I debated what to call this section. Be Realistic? Have Grace? Consider Your Own Expectations? Ultimately I landed at

 

“Be Thankful.”

 

Trying to survive the holidays while navigating sensory struggles can be really, really hard. 

Sometimes you’ll be frustrated with your child when they just will not eat what you have for them.
Sometimes you’ll be frustrated with your family when they say something they shouldn’t about autism.
Sometimes you’ll be frustrated with yourself that you didn’t prepare for something, or weren’t able to prevent a meltdown.

 

And eventually, you might just feel like curling into a ball and giving up on holidays, even if you’re a holiday fanatic like me.

 

This time of year is hard with sensory struggles. There are lights and music and new foods and people. It’s overwhelming for neurotypical kids, let alone kids with sensory processing disorder or autism. Not to mention, it’s like there’s holidays or events every other week this time of year.  For families that thrive on routine, it’s stressful.

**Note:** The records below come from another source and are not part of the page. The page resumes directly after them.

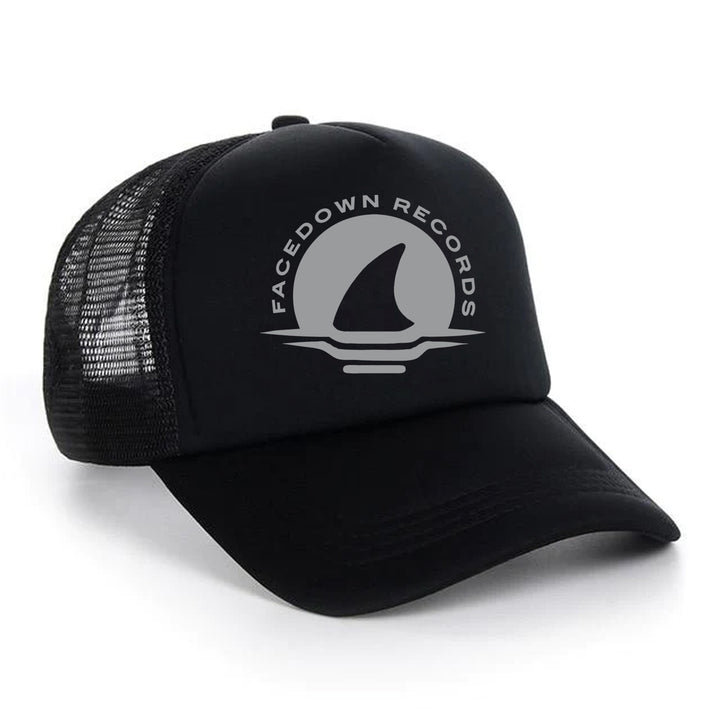 A black mesh trucker hat by Facedown Records features a shark fin logo and Facedown Records printed in gray on the front panel.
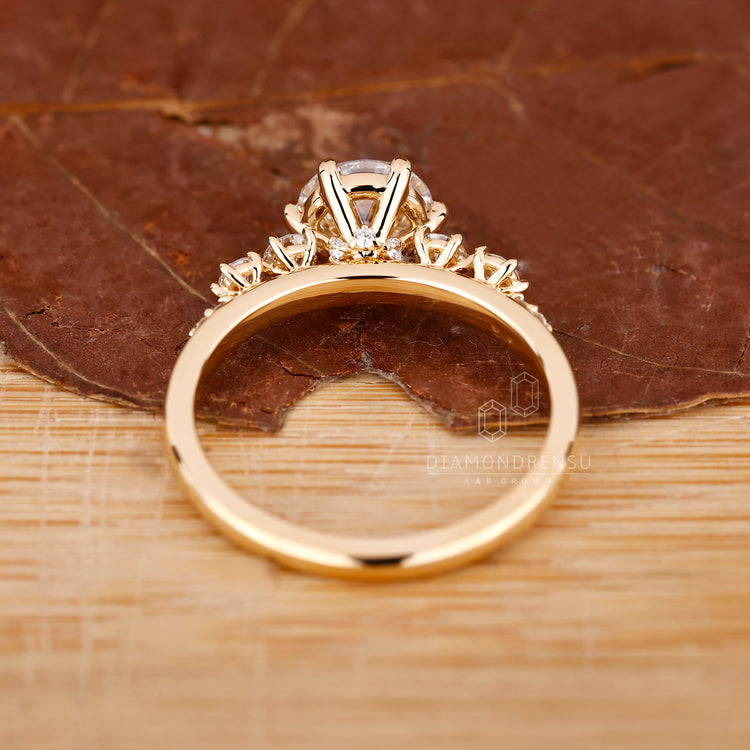 Custom Engagement Ring with round cut diamonds in a prong setting.
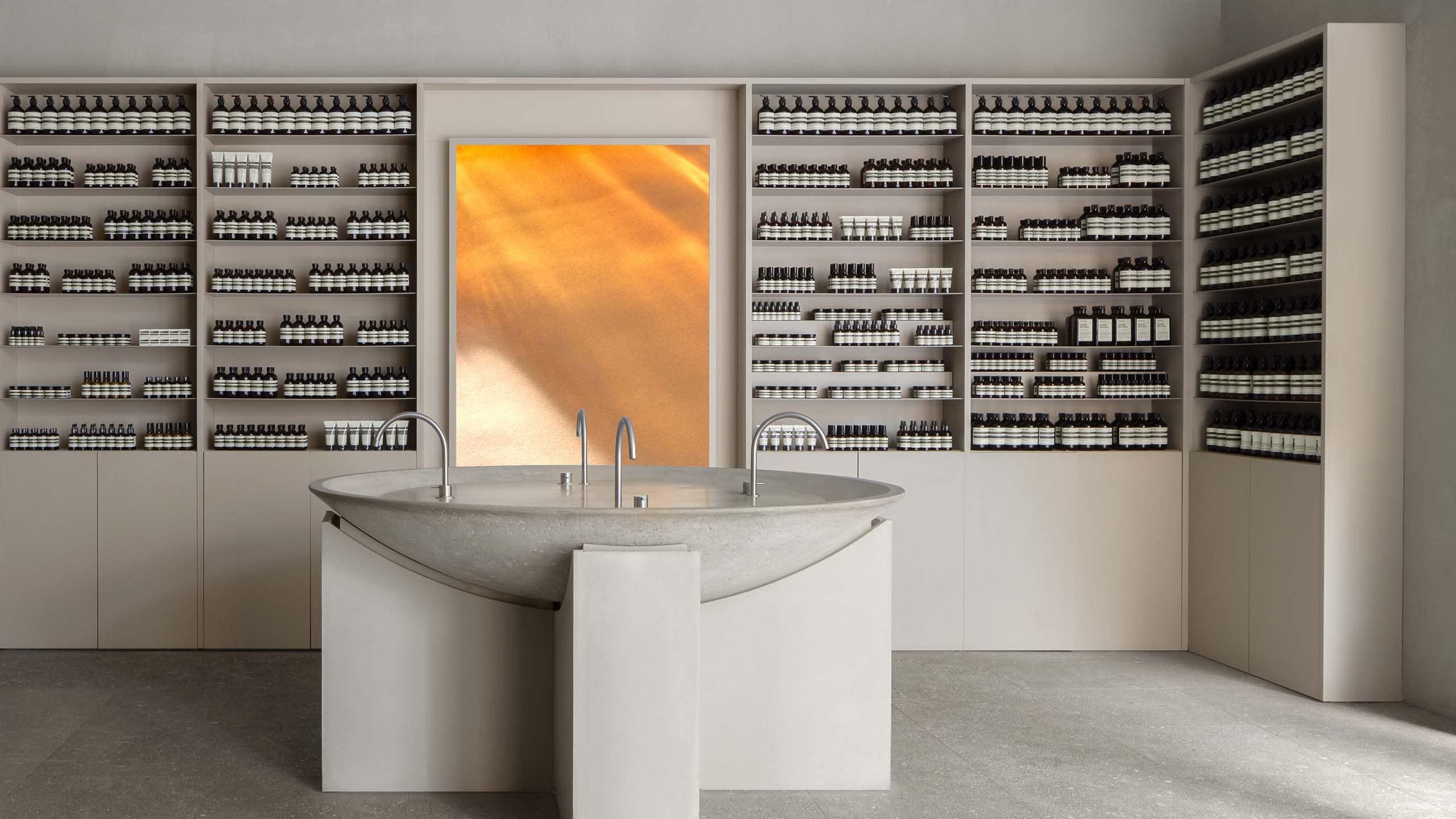 Aesop Eaton Toronto Store circular basin and visual display behind this, Aesop product displays flank the basin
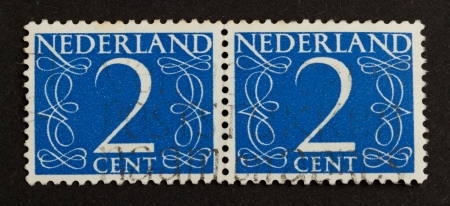THE NETHERLANDS - CIRCA 1950: Stamps printed in the Netherlands shows the number 2, circa 1950の写真素材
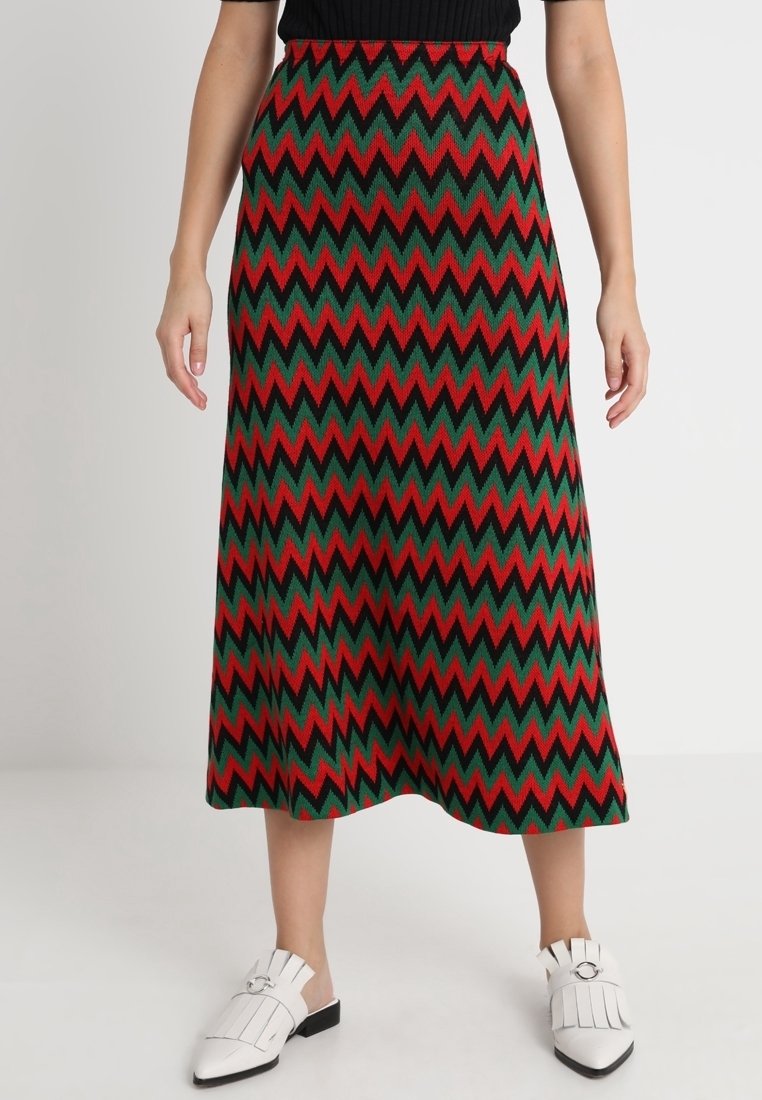 Knielanger Rock mit einem Zickzackmuster in Rot, Grün und Schwarz. Strickmaterial mit einem figurbetonten Bund, kombiniert mit weißen Slippern.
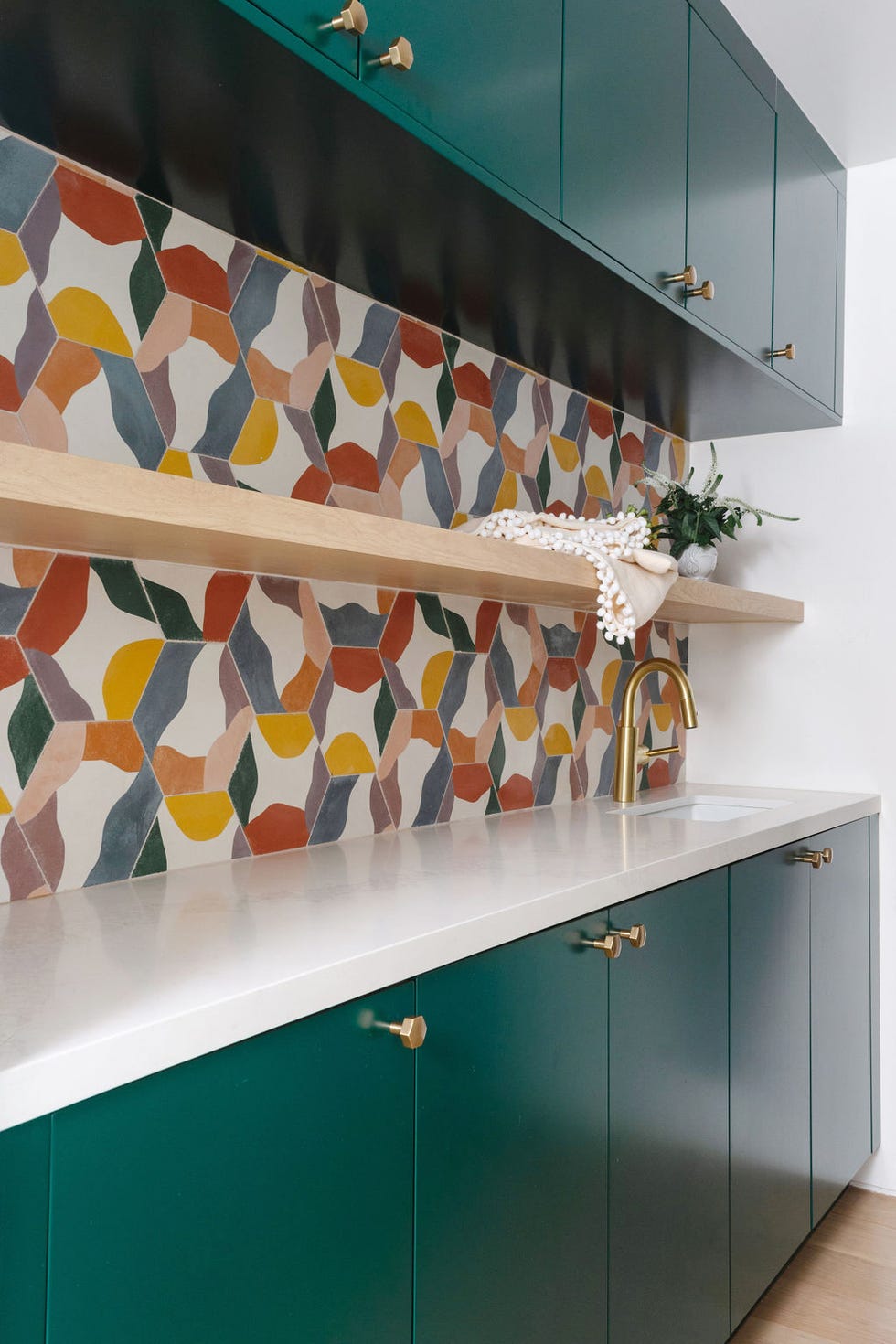 laundry room with colorful tiles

So yes, be realistic, have grace (for you, your child, and your family), consider your own expectations before an event, but ultimately, be thankful.

Be thankful that you have such a unique little one who experiences the world in a way that many of us can never imagine.
Be thankful that your little one was given to you, a parent who is willing to fight for your child to have the best holiday experience ever.
Be thankful that you were given to them, to teach you and stretch you, but ultimately to make you more amazing than you could ever have been without them.

Just be thankful, because while the mashed potatoes, stuffing, Gingerbread Cookies, and pumpkin pie are fantastic, being thankful is really what this time of year is all about.